A referendum seems to be held when governments feel that their making a direct decision might be controversial. Rather than go ahead and make it themselves, they divide in to groups, some supporting one outcome, others the opposite. Information and biased reports are supplied in abundance, and the voting population is told to go and pick which option they would prefer.

There have been quite a few held in Ireland recently, one on abortion, and one just last week on changes to the divorce laws. The Nice Treaty and the Lisbon Treaty both had second referendums when the decision of the first was considered to be detrimental. By holding a second vote there is plenty of option for manipulation of information, for the use of scare tactics; and the whole process of holding a second referendum seems to negate the very holding of one in the first place.

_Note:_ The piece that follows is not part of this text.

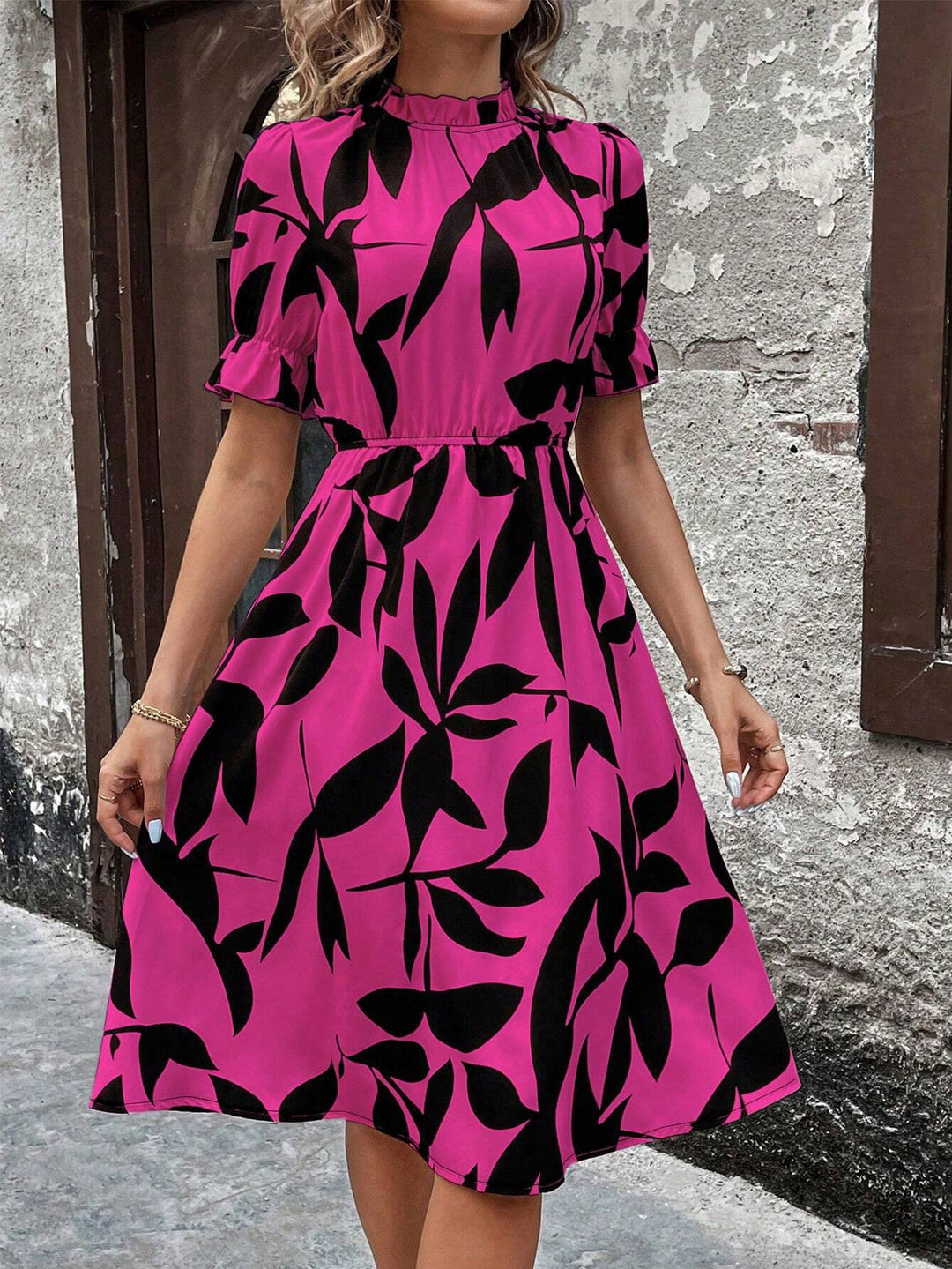 R&B | Kleid mit Rundhalsausschnitt und Rüschen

You will not find any second referendums being held when the results follow the governments line of thinking. It is only when the results are unexpected, fly in the face of the established political thought that the idea arises.

Now, on to Brexit. There is so much talk about a second referendum being held; after all, when the first one was held it was inconceivable to politicians that the population of Britain would vote to leave the EU. They were wrong, but it was close.

I don’t support Brexit, but I do not support a second referendum either. The government asked people what they wanted and they got their answer – a severe kick in the teeth to the establishment.

The closeness of the vote makes it even more important in my view that a second vote should not be held. It would be totally divisive, unless, of course, the intent is to cause extensive civil unrest.

The government can claim that the voters did not fully understand the consequences of their vote. Well, the fault of that lies squarely at the government’s feet, for it was their duty to spell out the consequences both good and bad before the referendum was held. To back out, to try to swing opinion, is in no way governing for the people, but instructing them to ‘listen to reason from those that know better’.

Brexit is a mess. It is going to continue to be a mess and David Cameron has a lot to answer for. If the clocks could be turned back and no referendum had been held then me along with so many others would be glad to see the back of it. They can’t though; the referendum was held, the population voted to leave the EU and now the government has a responsibility to deliver on that promise one way or another.


Submitted: May 28, 2019

© Copyright 2021 hullabaloo22. All rights reserved.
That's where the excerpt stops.